Book of condolence opens for former deputy first minister Seamus Mallon
A book of condolence has opened in Belfast after the death of former deputy first minister Seamus Mallon.
Mr Mallon’s death at the age of 83 on Friday has led to an outpouring of gratitude as thousands of people paid tribute to the former SDLP deputy leader.
A book of condolence opened in Belfast City Hall on Saturday, and another will open at the Guildhall in Derry on Sunday.
American actress Sharon Stone was among those to sign the book in Belfast, alongside her friend, the Nobel Peace Prize winner Betty Williams.

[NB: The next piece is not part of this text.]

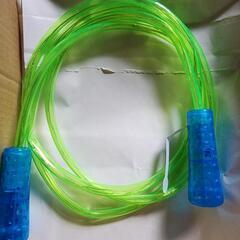 光る レインボー縄跳び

Ms Stone called Mr Mallon “a legend, a real warrior of peace” as she signed the book along with hundreds of others, including his party colleagues in the SDLP.

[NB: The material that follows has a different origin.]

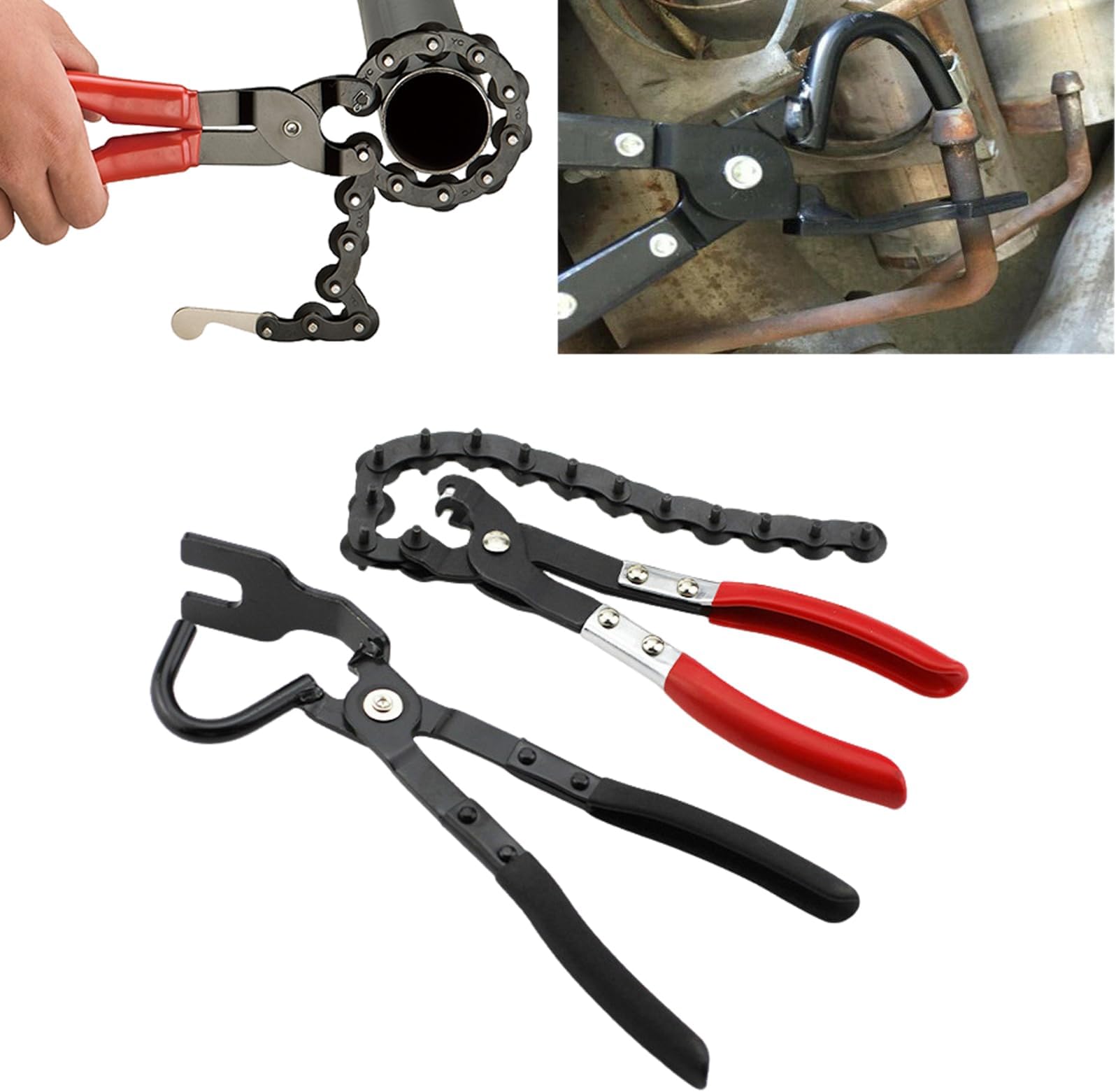 Exhaust Pipe Cutter Tool and Hanger Removal Pliers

The actress’ message in the book read: “With respect and admiration.”
The ex-deputy leader of the nationalist SDLP was an architect of the Northern Ireland peace process and a key figure in negotiating the 1998 Good Friday Agreement, which largely halted violence.
Former US senator George Mitchell, who was heavily involved in creating the Good Friday Agreement, also paid tribute to Mr Mallon, who was deputy to Lord Trimble at Stormont from 1998 to 2001.
“It’s a great loss for me personally as it is for the people of Northern Ireland,” Mr Mitchell told Q Radio.
“Seamus Mallon was a strong and effective political leader for many decades including the period during which the negotiations were held among all of the parties in Northern Ireland that led to the agreement that brought an end to the violence of the Troubles.”
Former US president Bill Clinton, who was in office at the time of the Good Friday Agreement and championed peace talks in the 1990s, also paid a touching tribute to former Newry and Armagh MP Mr Mallon.
He said: “From his earliest entry into politics, Seamus never wavered from his vision for a shared future where neighbours of all faiths could live in dignity, or from the belief he shared with John Hume and the entire SDLP that non-violence was the only way to reach that goal.
“As his party’s chief negotiator in the talks leading to the Good Friday Agreement, he was respected by all parties for his intelligence and integrity, his candour and convictions.”
Mr Mallon was a former teacher who lived in Markethill, Co Armagh, a largely Protestant town. He is survived by his daughter Orla.